Undercounter freezers provide a compact way of storing frozen products near your cooking line or serving area. They are all made to fit under a counter, but where in the restaurant it is located, the amount of clearance it will have, and what you will be storing in it can influence which freezer you will need.
Undercounter freezers have one or two doors, or two or four drawers. Drawers work best for storing pans of food, so they are great for keeping meat and produce handy by the cook line for chefs to access without having to open boxes. Drawers are also very easy to reach into without having to step away from the range or griddle if the freezer is by the cook line, where swing-out doors require you to step in front of the freezer to retrieve your items. Drawers are sometimes better for areas with limited space, because you only have to open the drawer to the depth that the item you need is stored, which can help with traffic flow in the kitchen.
Doors that swing out are usually preferred for storing packaged items, as the shelves offer more options for organization. The smallest undercounter freezers have only one door, but the wider options have two doors that swing out in opposite directions. Because those doors have to swing open all the way to give access to the freezer's contents, they can sometimes impede traffic in a smaller kitchen, but this same feature can make stocking simple.

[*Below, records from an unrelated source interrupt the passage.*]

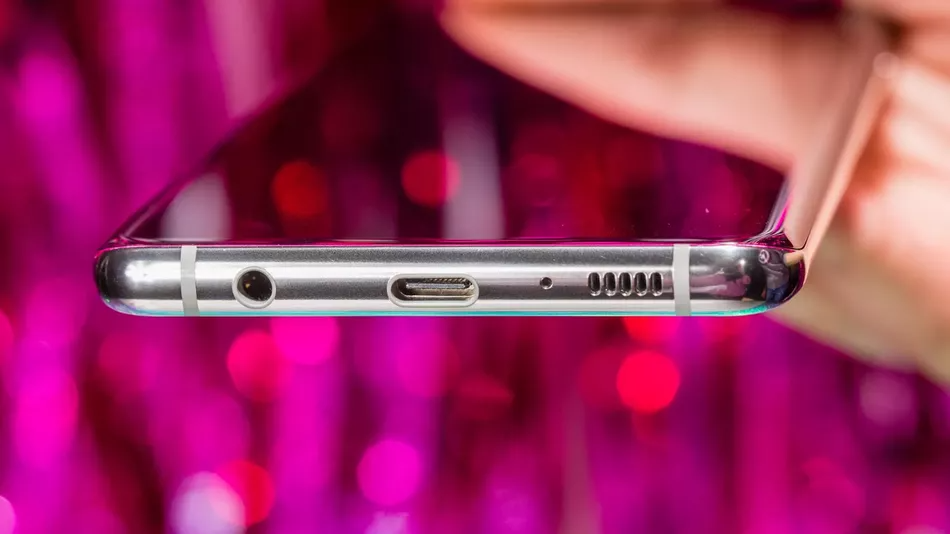 Samsung co the ban dien thoai Galaxy nhu may tran hinh anh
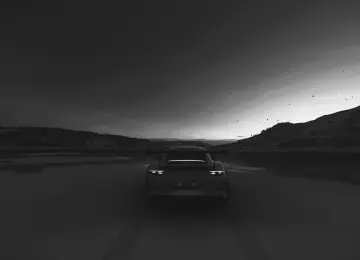 极简主义 黑暗 天空 汽车 驾驶 车牌 车辆 尾灯 单色 风景 跑车 4K壁纸  3840x2160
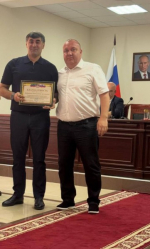 Награждение начальника Управления образования Кабардиева Крымсолтана Арслановича Благодарственным письмом.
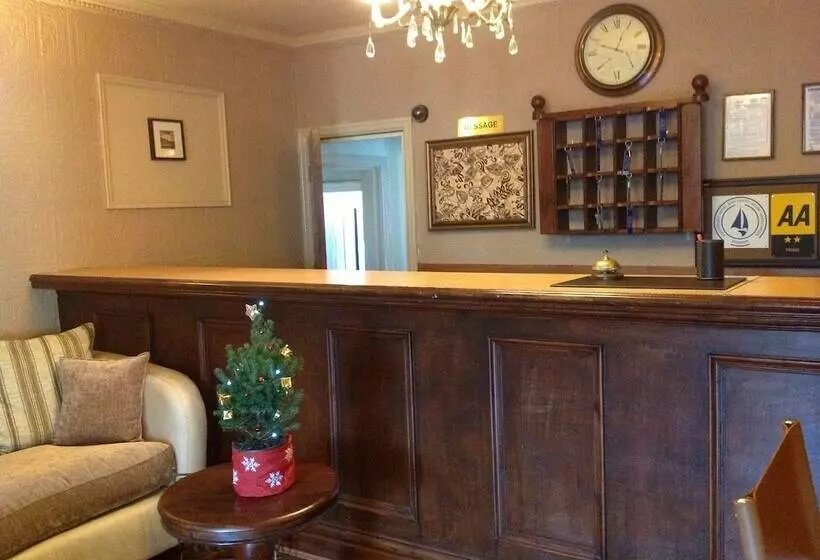 בית מלון כפרי Balmoral Lodge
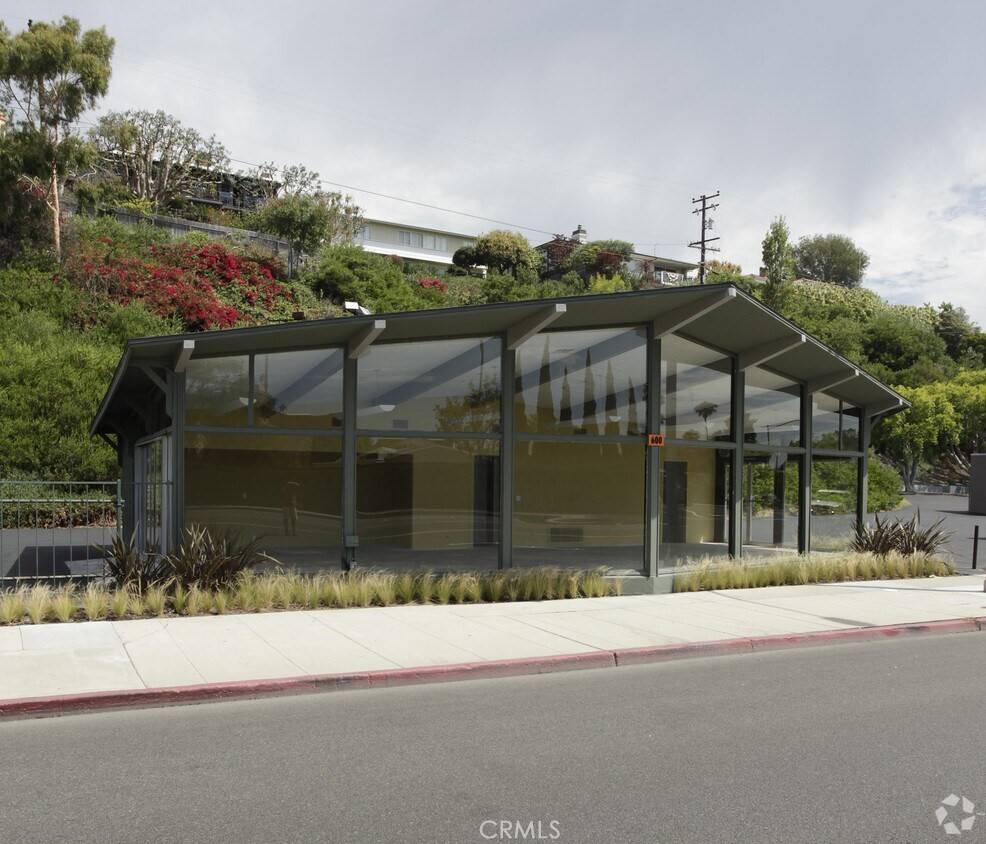 Newport Beach, CA 92663,600 West Coast Highway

Under-counter freezers can have their compressor mounted on the side or back. Back-mounted compressors often mean you may lose some storage capacity to make room for the refrigeration components, but those models take up less room, so they can fit into a smaller space. Side-mounted compressors add some width, but make a front exhaust possible, which can minimize the side clearance requirements. If the exhaust is on one of the sides, the freezer will not be able to be flush against a wall or other equipment, even if the compressor is on the back or bottom.
Some undercounter refrigerators and freezers have a worktop that can be used the same as counter space. These are meant to provide more work space instead of sliding under a pre-existing counter. These will often feature a backsplash, to keep the wall behind the freezer clean. This backsplash may be bolted or welded on, or it may be all one-piece construction with the worktop. The one-piece construction lacks seams, making it easier to clean.

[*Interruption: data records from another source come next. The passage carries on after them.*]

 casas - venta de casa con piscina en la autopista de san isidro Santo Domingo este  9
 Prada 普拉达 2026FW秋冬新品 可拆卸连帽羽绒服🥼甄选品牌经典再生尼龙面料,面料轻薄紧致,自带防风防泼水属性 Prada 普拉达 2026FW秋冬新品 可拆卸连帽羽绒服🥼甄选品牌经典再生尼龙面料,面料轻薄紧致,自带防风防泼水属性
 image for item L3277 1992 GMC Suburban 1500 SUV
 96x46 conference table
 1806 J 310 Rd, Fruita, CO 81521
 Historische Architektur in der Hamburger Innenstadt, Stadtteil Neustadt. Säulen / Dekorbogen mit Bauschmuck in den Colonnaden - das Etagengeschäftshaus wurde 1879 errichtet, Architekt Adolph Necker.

Undercounter freezers that do not have bottom-mounted compressors may sit flush to the ground, but most have either legs or casters. Legs can allow you to clean under the machine to some extent, but if you will want to move the unit regularly to clean underneath and around it, casters may be the best choice for you.
In the interest of protecting food safety, it is important to always know what temperature your undercounter freezer is keeping your food, and the location and type of thermometer can determine how easy that job will be. Many of these units have interior thermometers, meaning you have to open the door to check the temperature. Thermometers that are mounted on the outside are available in dial or digital format. Dials are more common, as they are more economical, but digital displays tend to be much easier to read.
Some undercounter freezers also feature a refrigerated section. These undercounter refrigerator freezers have two or more sections, and are great for keeping both refrigerated and frozen products in the serving area or cook line without having to have two pieces of equipment. Like other undercounter freezers, it can come on legs or casters, and the compressor can be mounted on the front, side, or back. Most undercounter refrigerator freezer models allow you some flexibility in choosing which sections you want to be freezer or refrigerator. Having your undercounter freezer and refrigerator all in one piece of equipment can save you a lot of space and use less power than two separate machines would.